Problem to solve: Below are some records. Retype exactly the lines from the one containing "camera A 137223608" through the one containing "Kylan Jackson (centre)", both included, skipping every picture.

Information:
★ ★ ★ ★

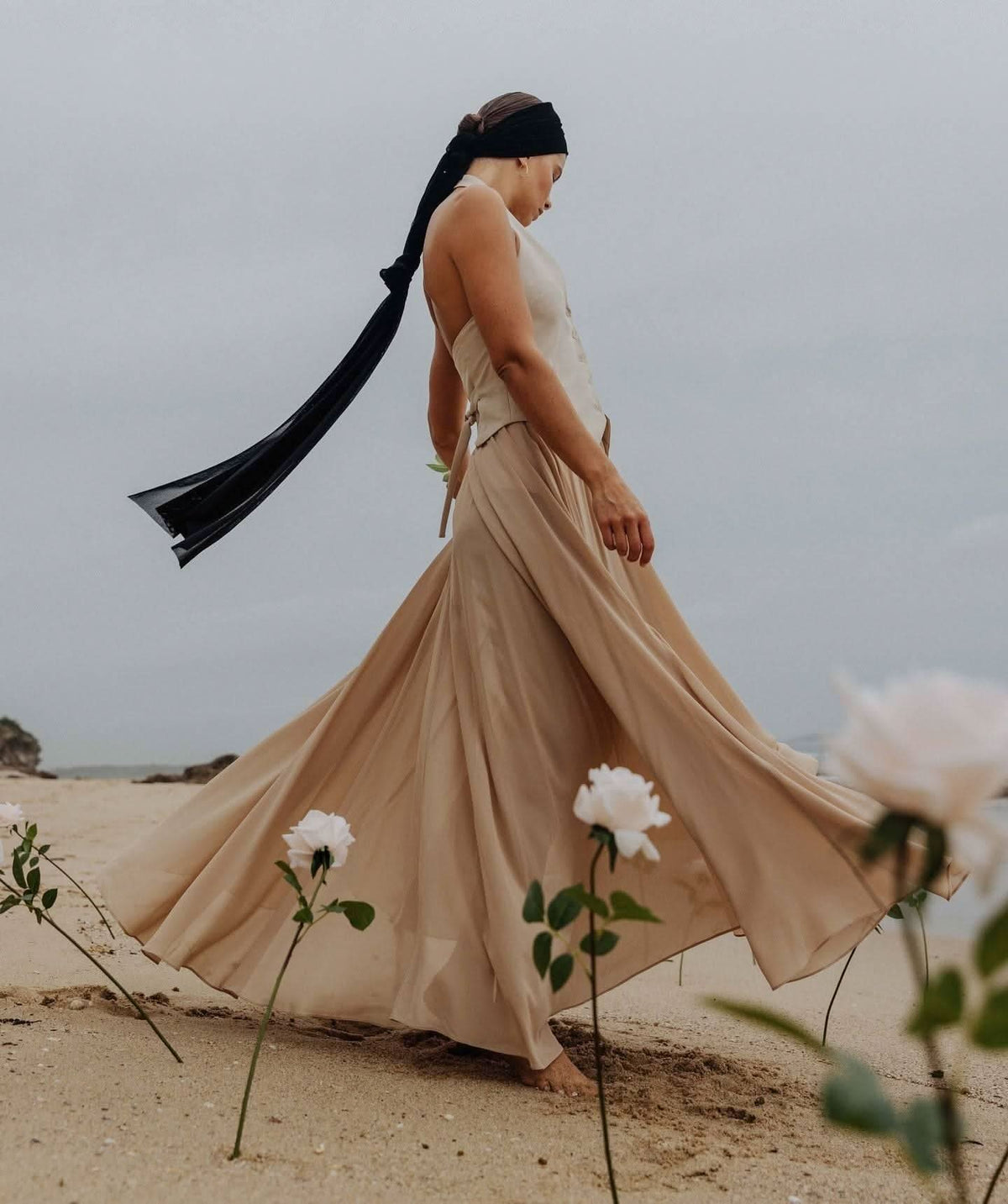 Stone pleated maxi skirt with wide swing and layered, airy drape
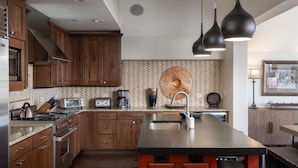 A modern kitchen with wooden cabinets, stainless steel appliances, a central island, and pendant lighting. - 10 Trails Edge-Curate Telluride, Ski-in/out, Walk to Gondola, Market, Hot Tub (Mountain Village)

★ ★ ★ ★

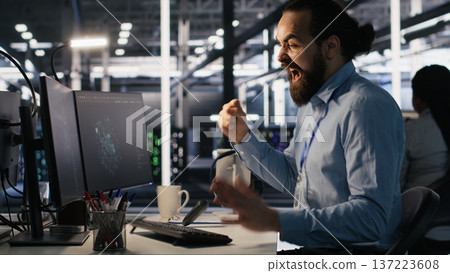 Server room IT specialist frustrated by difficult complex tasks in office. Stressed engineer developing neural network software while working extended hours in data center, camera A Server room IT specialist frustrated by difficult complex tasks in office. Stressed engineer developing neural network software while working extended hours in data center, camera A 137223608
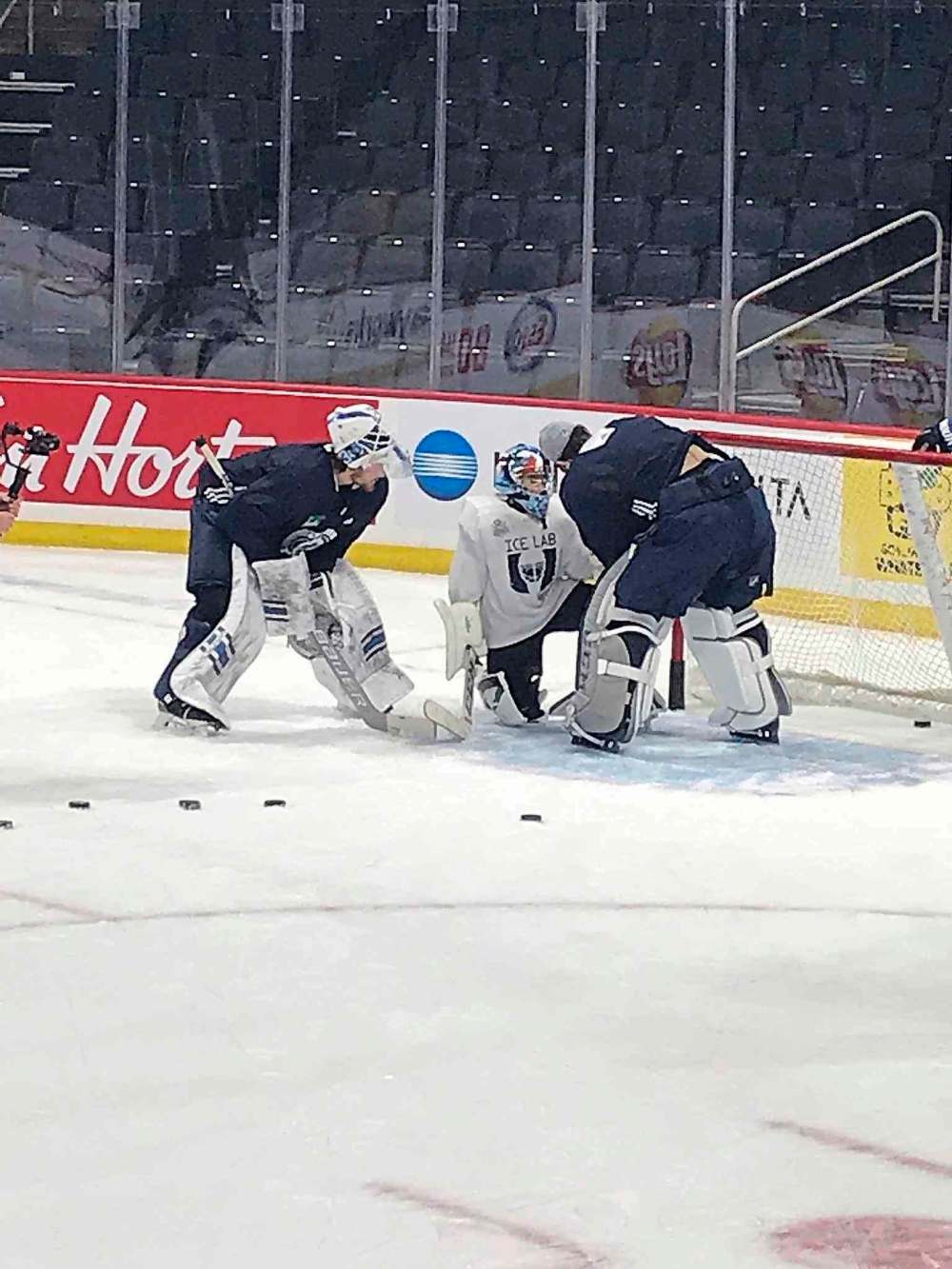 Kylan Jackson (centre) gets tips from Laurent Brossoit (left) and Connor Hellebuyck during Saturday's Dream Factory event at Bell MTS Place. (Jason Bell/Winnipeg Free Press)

★ ★ ★ ★

Response for this exercise:
 Server room IT specialist frustrated by difficult complex tasks in office. Stressed engineer developing neural network software while working extended hours in data center, camera A Server room IT specialist frustrated by difficult complex tasks in office. Stressed engineer developing neural network software while working extended hours in data center, camera A 137223608
 Kylan Jackson (centre) gets tips from Laurent Brossoit (left) and Connor Hellebuyck during Saturday's Dream Factory event at Bell MTS Place. (Jason Bell/Winnipeg Free Press)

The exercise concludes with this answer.